Benzodiazepines slow down reaction times, cloud judgement, cause cognitive impairment and drowsiness, so it’s little wonder they cause accidents. Yet, unlike alcohol, there are no driving restrictions, and when related accidents occur, unlike alcohol or illegal drugs, the media hardly ever make any reference to the affects of these potentially lethal prescription drugs. – World BZ Day
Today is the first ever world benzodiazepine awareness day. I started with this quote because it leads into my anecdotal story. While on benzos myself, I was in two car accidents. After the second crash, they did all sorts of tests to figure out if I had a seizure disorder or something. The answer was right there. Why didn’t anyone tell me? I didn’t realize it until a year after when I was taken off of it and experienced horrendous withdrawal.
I was put on klonopin for anxiety. I started to have no fear, I lost all concentration and my grades went down. I became severely depressed and started injuring myself. After three years, my doctor believed that the klonopin “wasn’t working anymore,” so I should be taken off of it. I was hospitalized and tapered off klonopin over a span of 3 days. THREE DAYS. Looking back I’m horrified at the thought of it, knowing what I know now. I was having horrible withdrawal except I had no idea. They told me I was experiencing “rebound anxiety” and this was something I had before. Except it was not. I never in my life had gotten so anxious that I vomited. They then proceeded to give me bunch of other drugs to treat the new symptoms I was having.
I had severe withdrawal, pretty much every symptom listed for benzo withdrawal syndrome. I felt like my brain had been reset and I had to learn basic skills all over again. Especially things that involve fear and anxiety. I was so scared I couldn’t get out of bed, I spent months just staring at the wall. I couldn’t read or watch tv. My perception was all fucked up, I couldn’t feel my own skin, I couldn’t taste anything.
I felt like my mind had been separated from my body.
I felt sick, scared and hopeless.
I felt like I was never going to get better again. I thought, this is my life now.
Unless you’ve experienced it, you’ll never understand.
I gradually got better. I watched countless of movies.
I remember watching Fear and Loathing in Las Vegas (1998) and I felt like i was on whatever they were on. Especially the part with the moving floor, it was unreal and fucked up.

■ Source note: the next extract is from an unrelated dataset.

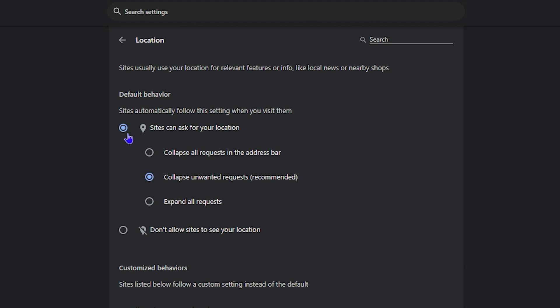By default, it is set to not checked. And it only gives you the collapse unwanted request recommendations. But if you want to enable it, just simply go ahead and ensure that you check the button here that says sites can ask for your location. So this will enable it.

Eventually I could read, I had trouble reading while on benzos. Who can read while they’re drunk? Never realized that was why I couldn’t focus.
I read Aldous Huxley’s The Doors of Perception and realized how fucked up my mind was. Here i was going off of drugs having the same perceptions as someone high on LSD.
I started to watch baseball, I somehow found it comforting. The pace was slow, and there were limited commercials. I enjoyed the monotonousness.
After this I slowly lost my trust in doctors (I did have a very good therapist for a while after, they’re not all bad!). A year later, I went back to school and learned a lot about the brain. I eventually tapered myself off of all other drugs they put me on. Today I am 4 years drug free (8 years off klonopin) and never felt better. I still experience sensitivity to pretty much everything and some memory problems, I believe it’s from pharmaceutical damage.
A characteristic feature of benzodiazepine withdrawal is a heightened sensitivity to all sensations – hearing, sight, touch, taste and smell. When extreme, these sensations can be disturbing. One lady had to stop all the clocks in the house because their ticking sounded unbearably loud; many have had to don dark glasses because ordinary light seemed dazzlingly bright. Some find that the skin and scalp becomes so sensitive that it feels as if insects are crawling over them. Heartbeats become audible and there may be a hissing or ringing sound in the ears (tinnitus) – One of many symptoms; Ashton Manual
Now I enjoy being in control of my own mind.
These sensations return towards normal as withdrawal progresses, and some people are pleased with the new, seemingly extraordinary, clarity of their perceptions. Only in withdrawal do they realise how much their senses have been obscured by benzodiazepines. One lady described how thrilled she was when she could suddenly see individual blades of grass in her newly bright green lawn; it was like the lifting of a veil. Thus, these sensations need not give rise to fear; they can be viewed as signs of recovery.
This explains why I can now spend hours upon hours doing nothing. I can remember back at times where I’ve sat and stared at the complexity of my fingers. Have you ever looked closely at your own skin?? It’s wonderful!
You don’t drink and drive. There is a reason for that. Benzodiazepines are no different. These drugs are not safe.